Living in Sandyford
Sandyford is a popular suburb of Newcastle as it’s just a stone’s throw away from the city centre. You can walk easily to both universities and to the main shopping and leisure areas. It’s a fantastic place to live, with buzzing restaurants and cafés and this trendy suburb of Newcastle has all the amenities you need close to home. So if you are hoping to move to Sandyford, here’s everything you need to know…
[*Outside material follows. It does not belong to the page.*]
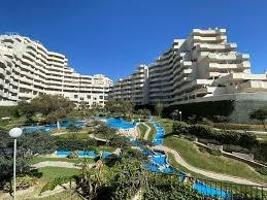 APARTAMENTO CON VISTAS A LA PISCINA Y MONTAÑA photo 0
There are many brilliant eateries as in recent years Sandyford has become a foodie hotspot. The new kid on the block is the very popular Scream for Pizza. Based in Starbeck Avenue, the new haunt serves familiar choices like Pizza Margherita but customers can also try the luxury ‘Crab Thermidor Pizza’ which got Scream For Pizza through to the finals of the British Street Food Awards in 2015. The restaurant has 30 covers but is popular so make sure you book early!
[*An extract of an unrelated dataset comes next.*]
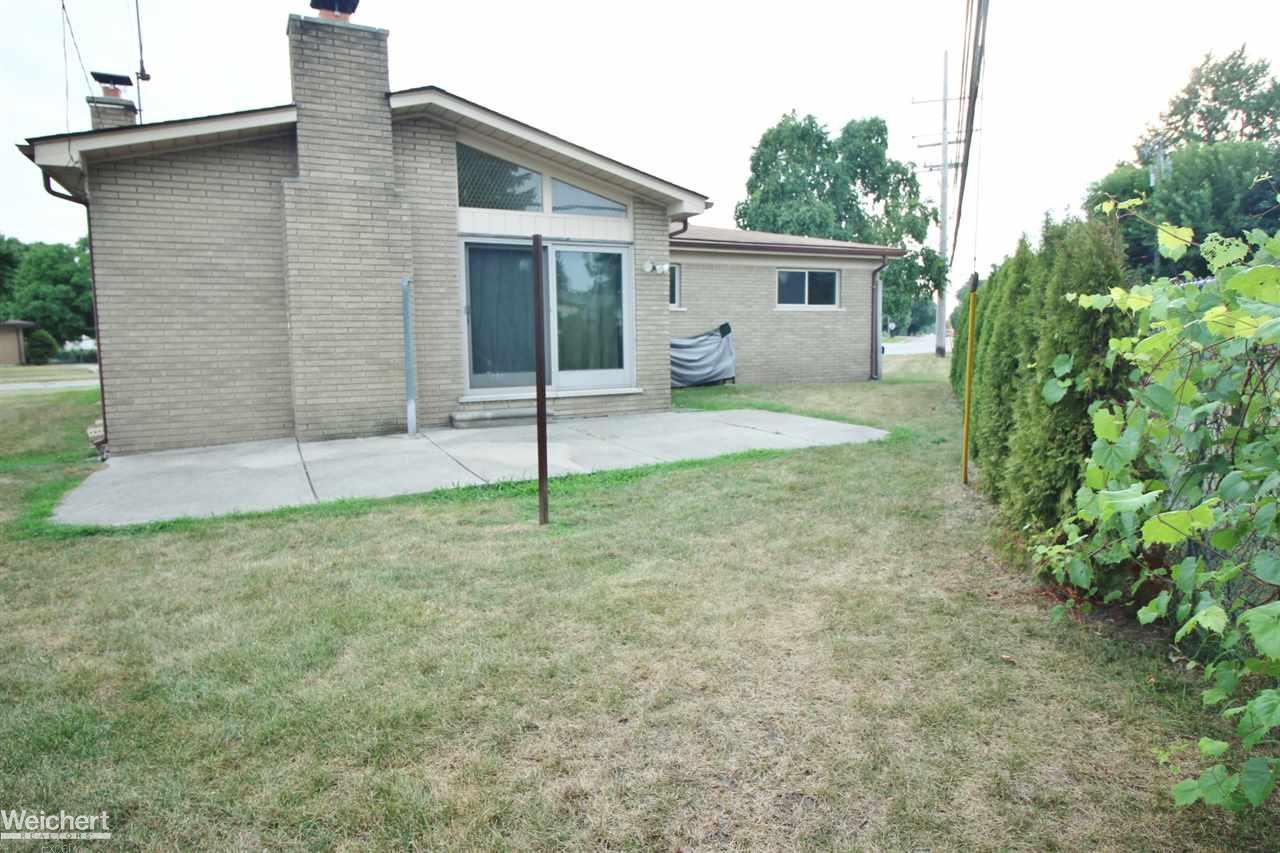 3809 Frazho Road Warren, MI 48091 - Photo 27 of 28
If Italian is your cuisine of choice then you must make a booking at Mascalzone. You can expect to find pasta, pizza, salads, meat and vegetarian dishes. Every dish uses only the finest ingredients sourced directly from Italy, and the team also use local produce sourced from North East farms and butchers. The food is made and served by a team of people who love cooking as well as eating and talking about it and there’s a choice of some stunning Italian wines to accompany your meal.
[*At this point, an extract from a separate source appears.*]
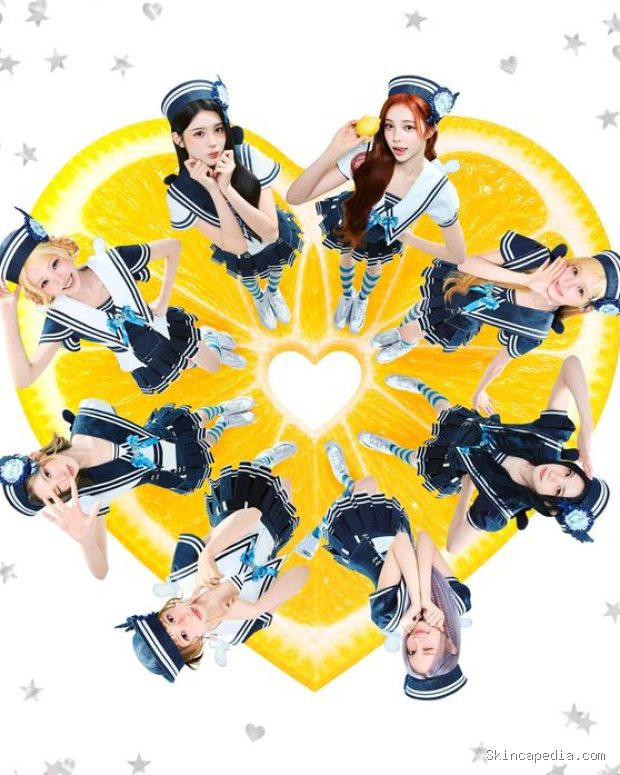 Potret Hearts2Hearts dalam foto konsep 'Lemon Tang'.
It is also worth heading to Harissa Mediterranean Kitchen, another popular haunt. The restaurant’s menu changes regularly and the kitchen uses fresh and seasonal ingredients to serve fresh, tasty and colourful food from all corners of the Mediterranean. There’s a selection of chargrilled meats and vegetables, house-made breads, mezze and vegan dishes, along with a range of seasonal small plates using home-grown vegetables from the kitchen’s own local allotment. The restaurant, which is also fully licensed, won the Secret Diner’s Best Newcomer Award in 2016.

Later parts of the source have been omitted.